Paul B. Preciado says that there is no such thing as a gender without technology. Our bodies are both spaces of political control and centres of agency and resistance and they are subject to relentless, fast de-territorialisation and re-territorialisation.[1] More than machines and digital network, technology as disciplinary practices both subject us and produce us as subjects. [2]
The body is a social and cultural tool and the right to define what a body is, has never been made an equal right. According to Legacy Russell, gender is a scaled economy, a way of regulation, management and control. It allows for the reification of process, the division of labour, and the exchange of value under the umbrella of capitalism. [3]
Our individual bodies function like the expansion of global communication technologies. We are networked more than ever with many opportunities for mutual contact and information exchange. Our digital world has become not only an empowering secure space but also enables a growing visibility of marginalized groups via online portals. Our experiences in the real and virtual domains and at their point of intersection, shows that cyberspace is not a pattern or place for itself, separate from our real life, but affects how we see or experience our environment.
The three artists in this exhibition – Tabita Rezaire, Juliana Huxtable and Martine Gutierrez share a common interest in exploring gender fluidity by using their bodies and identity as their primary subject, within a mostly online space as a place to re-present and re-perform personal gender identities. Generationally equal, all three artists are dealing with these topics from different perspectives and experiences as they play with the concept of gender roles from the perspective of social and media representation.

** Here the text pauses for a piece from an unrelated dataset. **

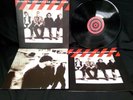 U2//How to dismantle an atomic bomb LP vinyl 2004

Their work uses their own life experience as a point of departure, transforming physical and virtual space, as they are transformed into avatars, muses, performers, infinity incarnated into an agent of healing.[4]
The way Tabita Rezaire explains her practice and understanding of technology is insightfully connected with healing and colonialism. For her, the architecture of cyberspace is a very discriminatory, isolating and sanctioning platform. The binary ideology is woven into the fabric of our social, cultural and political territories, which she examines in the work Ultra Wet – Recapitulation. Her work, through image, language, form and movement, unites body, mind and spirit, asking us to confront difficult questions about the body, sexuality, gender and technology and the Internet. Through all her videoworks she endeavors to find cues, strategies and ways of connecting. The performance works – offerings – put into practice the research that her videos contain, in response to a desire for a more tangible connection.
Sugar Walls Teardom is an installation consisting of a gynecology chair with a mechanical arm where one could sit and watch a video. It directly references the female form and is very politically charged: it reveals the contributions of Black womxn’s wombs to the advancement of modern medical science and technology; central to the biomedical economy. During slavery, Black womxn’s bodies were used and abused as commodities for laborious work in plantations, sexual slavery, reproductive exploitation and medical experiments. Biological warfare against Black womxn is still pervasive in today’s pharmaceutical industry.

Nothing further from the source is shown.